A weekend before Swanage, dad retired from active scouting and we went to the AGM to see him get his thankyou and well done, and it was a lovely occasion, when you grow up with a scout group like 1st Claygate you get to thinking that everyone lives in a great community with amazing scouts and guides that do exciting things. The Scout and Guide band are playing at Disneyland Paris this year, good luck to them, I shall not be returning to watch. The Claygate flower show obviously is a flagship for Claygate ness every year, and this was no different, apart from the usual impeccable weather, it was raining in the morning to the extent that the thornhill festival was cancelled, but Claygate is in a different league, and floods and tempests would not stop the flower show.
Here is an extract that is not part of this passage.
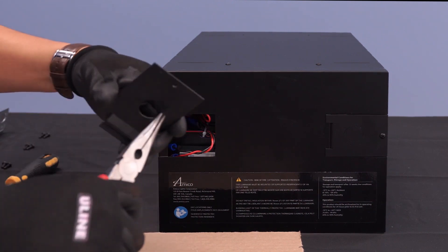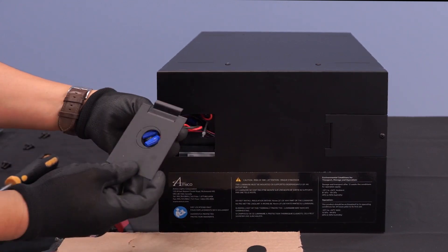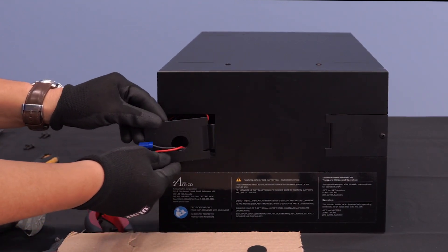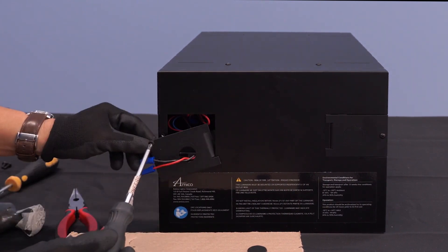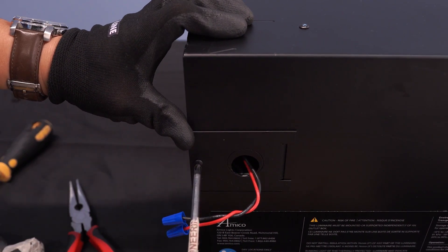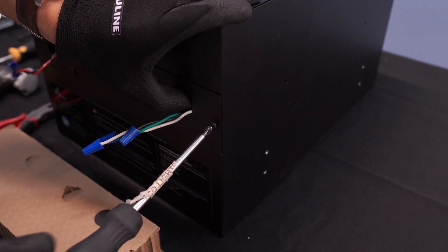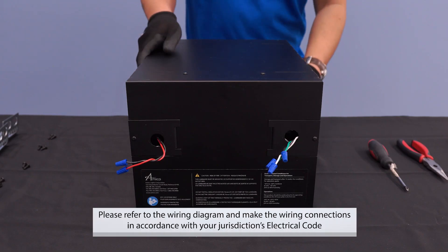Carefully detach the inner portion of the knockout with a pair of long nose pliers. Feed the high voltage and low voltage wires through the respective knockouts and re-secure the conduit door to the NOVA box with your Phillips screwdriver.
I managed to swerve into the WI tent where my mum was selling bric a brac and limply sit for a while on a camp chair, but my illness made the experience far less fun than usual. Well, sitting on a WI chair is probably about the same in fun factor, but I would not normally be doing such, but would be watching dogs or classic cars. On Sunday morning, R was swimming from Hampton Court to Kingston, and so we went to watch. It poured with rain and we were wetter than he was. Plus we couldn't tell who he was as there were over 1200 swimmers and we didn't even know what colour hat he was wearing (yellow). He then spent the rest of the day falling asleep - in the bath, on the sofa, driving, on a different sofa and on the rug. Then in bed. The organisers told the swimmers that after the event they should drink a can of coke to kill any bugs they had swallowed. Yuk. What kind of bugs would be killed by coke? Or what kind of drink would kill bugs? I am going to start using it as a cleaning product to clean surfaces in the kitchen.

Thursday 7 July 2011

Sign in toilets at Paultons Park:

It is likely that these facilities will be cleaned by male and female attendants.

I would have said it was more than likely, but absolutely certain, unless they have asexual aliens doing the cleaning. I know what they meant. But they did not say what they meant.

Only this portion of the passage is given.